Most remarkable was her attitude toward Rome. When the “Virgin Queen” in her twenty-fifth year ascended the throne, it was not only as queen, but also as the head of the rebellious Church. Religious strife had already passed the point of reconciliation and Elizabeth’s position was extremely difficult, as the Catholic party was still very strong and was bent on maintaining the connection with Rome. Aware of this fact, the Pope, claiming England as a fief of the Holy See, refused to recognize Elizabeth’s title to the crown, and demanded that she should renounce all her pretensions so much the more since she was an illegitimate child. But whereas many monarchs would have cringed before the Pope, Elizabeth ignored his demands and answered the subsequent bull by Pope Pius V., by which all Catholics were released from their allegiance to the queen, by the famous Acts of Supremacy and Uniformity. Striking directly at the papal power, these acts compelled all clergymen and public functionaries to renounce the temporal and spiritual jurisdiction of every foreign prince and prelate; and all ministers, whether beneficed or not, were forbidden to use any but the established liturgy. These statutes were carried out with considerable severity, and many Catholics suffered death. Thus bending priests and prelates to her fiery will, the queen made England a bulwark of Protestantism.

That the long reign of Elizabeth, which lasted from 1558 to 1603, was also a period of brilliant prosperity and advancement, during which England put forth her brightest genius, valor, and enterprise, has been recorded by history. It is also a well-known fact that the learning of Elizabeth was considerable, even in that age of learned ladies. Horace Walpole has assigned her a place in his “Catalogue of Royal and Noble Authors,” and a list of thirteen literary productions, chiefly translations from the Greek, Latin, and French, are attached to her name.

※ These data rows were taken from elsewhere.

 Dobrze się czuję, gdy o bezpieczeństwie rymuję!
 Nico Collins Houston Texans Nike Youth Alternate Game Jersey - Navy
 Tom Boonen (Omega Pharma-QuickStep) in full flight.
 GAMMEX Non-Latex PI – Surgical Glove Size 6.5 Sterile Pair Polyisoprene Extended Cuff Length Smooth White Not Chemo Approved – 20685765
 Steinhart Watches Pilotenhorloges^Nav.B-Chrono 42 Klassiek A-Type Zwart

There were quite a number of English ladies interested in literature and poetry. The most remarkable was Mary Astell, born in 1668 at Newcastle-on-Tyne. Having received a careful education by her uncle, a clergyman, she continued her studies in London. Here her attention and efforts were especially directed to the mental uplift of her own sex, and in 1697 she published a work entitled, “A Serious Proposal to the Ladies, Wherein a Method is Offered for the Improvement of Their Minds.” With the same end in view she elaborated a scheme for a ladies’ college, which was favorably entertained by Queen Anne, and would have been carried out had not Bishop Burnet interfered.

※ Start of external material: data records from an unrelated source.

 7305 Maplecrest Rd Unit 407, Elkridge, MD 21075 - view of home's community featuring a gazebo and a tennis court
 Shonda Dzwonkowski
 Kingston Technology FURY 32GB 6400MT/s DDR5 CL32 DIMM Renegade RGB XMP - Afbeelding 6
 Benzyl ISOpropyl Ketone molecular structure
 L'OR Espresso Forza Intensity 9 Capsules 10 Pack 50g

During the reign of Queen Elizabeth England was called “the Paradise of Women,” on account of the great liberty, granted to them in all social affairs. There exists an interesting account of a Dutch traveller, Van Meteren, who spent some time in England. With surprise he saw that here the members of the fair sex enjoyed considerable freedom. “They are,” so he says, “not shut up as in Spain and elsewhere, and yet the young girls are better behaved than in the Netherlands. Having fine complexions, they also do not paint like the Italians and others. They sit before their doors, decked in fine clothes, in order to see and be seen by the passers-by. In all banquets and feasts they are shown the greatest honor: they are placed at the upper end of the table where they are the first served. All the rest of their time they employ in walking and riding, in playing cards, or visiting their friends and keeping company, conversing with their equals and neighbors, and making merry with them at child-birth, christening, churchings and funerals. And all this with the permission and knowledge of their husbands.”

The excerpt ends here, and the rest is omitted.